Réforme de l'admission à Sciences Po : "Il faut sortir du système de reproduction social des élites"
François Dubet, sociologue, réagit sur franceinfo à la suppression des épreuves écrites pour entrer à Sciences Po Paris.
Il n'y aura plus d'épreuves écrites pour entrer à Sciences Po Paris à compter de la rentrée 2021. La nouvelle procédure d'admission se fera en quatre étapes. Tous les candidats seront jugés sur le contrôle continu au lycée et la moyenne de leurs épreuves écrites au baccalauréat. Ils devront aussi rendre un essai écrit sur leur motivation et auront un entretien oral pour les admissibles.

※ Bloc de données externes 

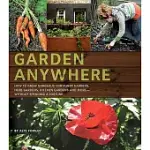 GARDEN ANYWHERE: HOW TO GROW GORGEOUS CONTAINER GARDENS, HERB GARDENS, KITCHEN GARDENS, AND MORE--WITHOUT SPENDING A FORTUNE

François Dubet, sociologue, professeur de sociologie émérite à l'université de Bordeaux II, a estimé mardi 25 juin sur franceinfo qu'il y avait une "prise de conscience d'une sorte de fermeture des élites".
franceinfo : La grande nouveauté, c'est donc que les épreuves écrites n'auront plus lieu. Ce sont ces épreuves qui sont les plus discriminantes socialement ?

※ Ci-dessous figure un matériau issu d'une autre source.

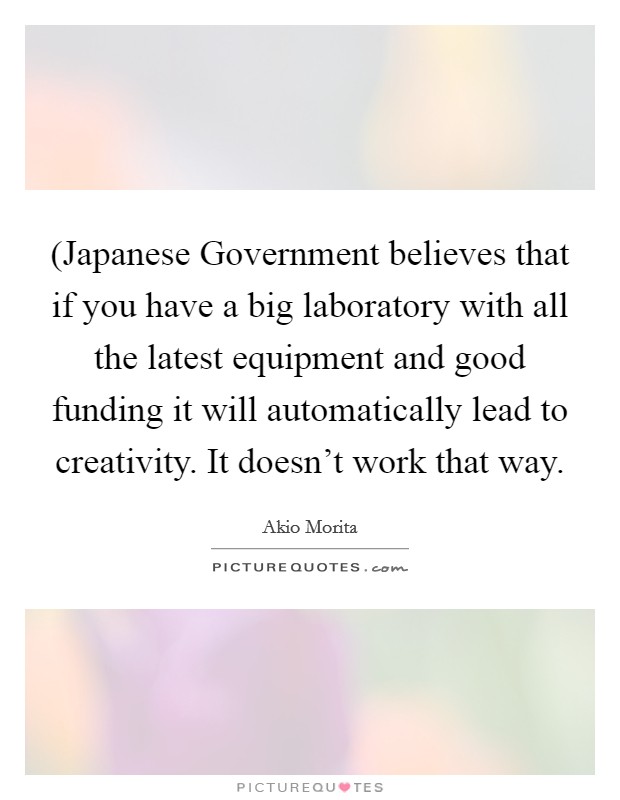 (Japanese Government believes that if you have a big laboratory with all the latest equipment and good funding it will automatically lead to creativity. It doesn't work that way Picture Quote #1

François Dubet : Non, toutes les épreuves sont discriminantes. On a même observé que les privilèges sociaux jouaient en mathématiques, qui sont a priori neutres sur le plan culturel. Donc toutes les épreuves jouent. Mais ce qui est intéressant là-dedans, et on ne peut pas le reprocher à Sciences Po, c'est de dire : "On va mettre des quotas de boursiers, on va aller chercher les meilleurs élèves là où ils ne se destinent pas à Sciences Po, pour démocratiser." C'est la même question qui se pose actuellement à l'ENA, qui se posera dans toutes les grandes écoles. Donc il y a quand même l'idée maintenant acceptée que la France est un pays dans lequel les élites se reproduisent de manière extrêmement rigide et qu'il faut sortir de ça.
Sciences Po avait commencé il y a une dizaine d'années cette politique d'ouverture. C'est pour cela qu'ils peuvent aller plus loin ?

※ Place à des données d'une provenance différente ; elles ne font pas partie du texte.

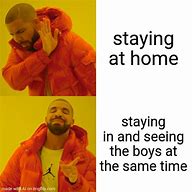 Image result for Staying in Meme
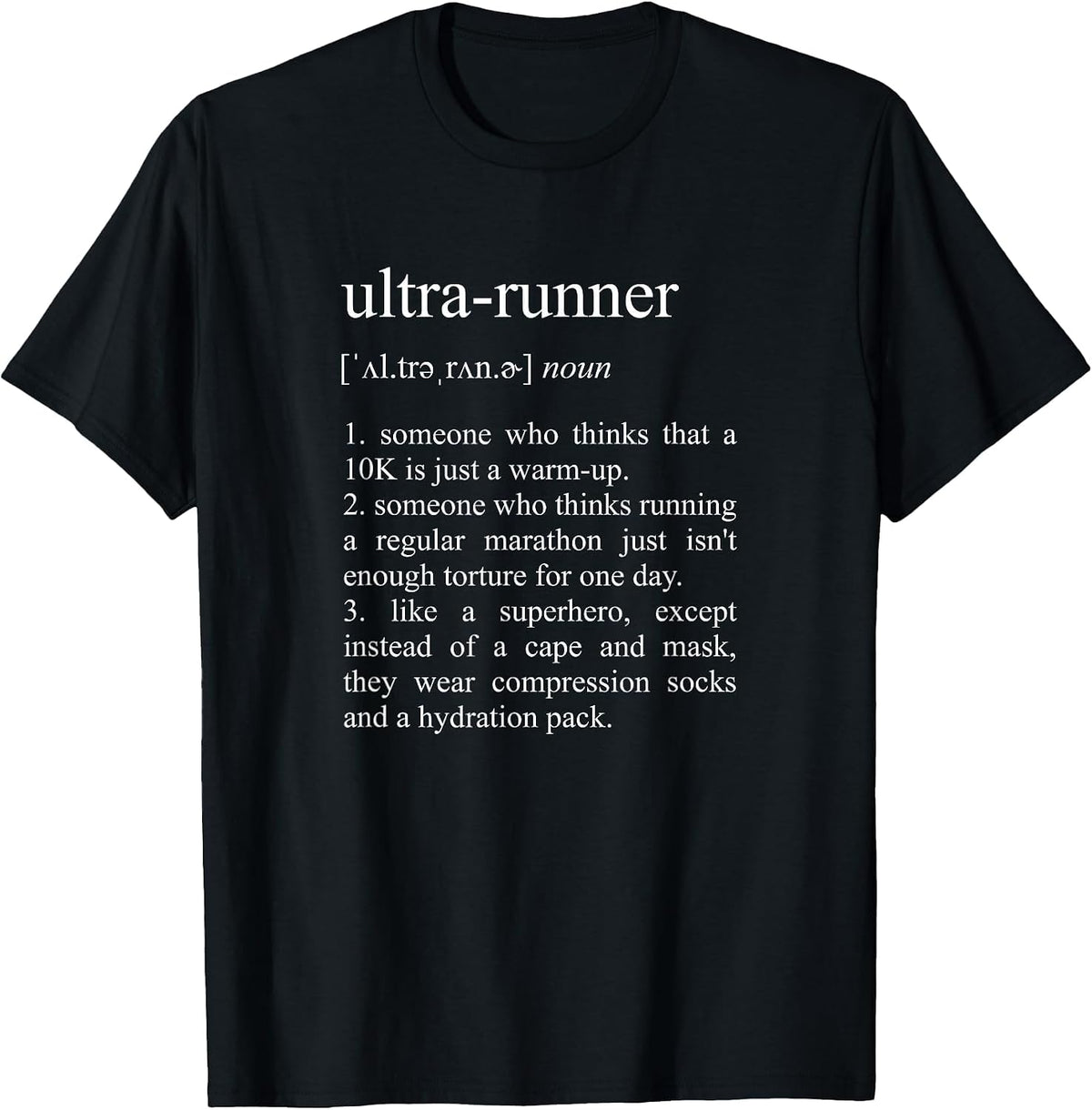 Ultra-Runner Definition, Ultramarathon Running T-Shirt - Black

Oui, d'ailleurs, quand ils l'avaient fait, il y a eu beaucoup de protestations. Il y aura aussi des protestations pour défendre l'écrit et son objectivité. Mais je crois qu'il y a la prise de conscience d'une sorte de fermeture des élites. Mais je ne crois pas que cela va changer très fondamentalement le système des inégalités scolaires, parce que les très grandes inégalités scolaires ne sont pas seulement dans l'élite. Elles se jouent beaucoup plus tôt mais elles se jouent aussi beaucoup dans l'enseignement professionnel, beaucoup dans les filières sélectives qui sont partout dans les universités. Et donc là, il y a quelque chose d'un peu français, c'est de penser que tout se joue sur les élites et sur l'idée qui est sympathique mais pas forcément fondée que si les élites sont recrutées différemment, elles seront des élites différentes des autres, ce qui n'est pas garanti du tout.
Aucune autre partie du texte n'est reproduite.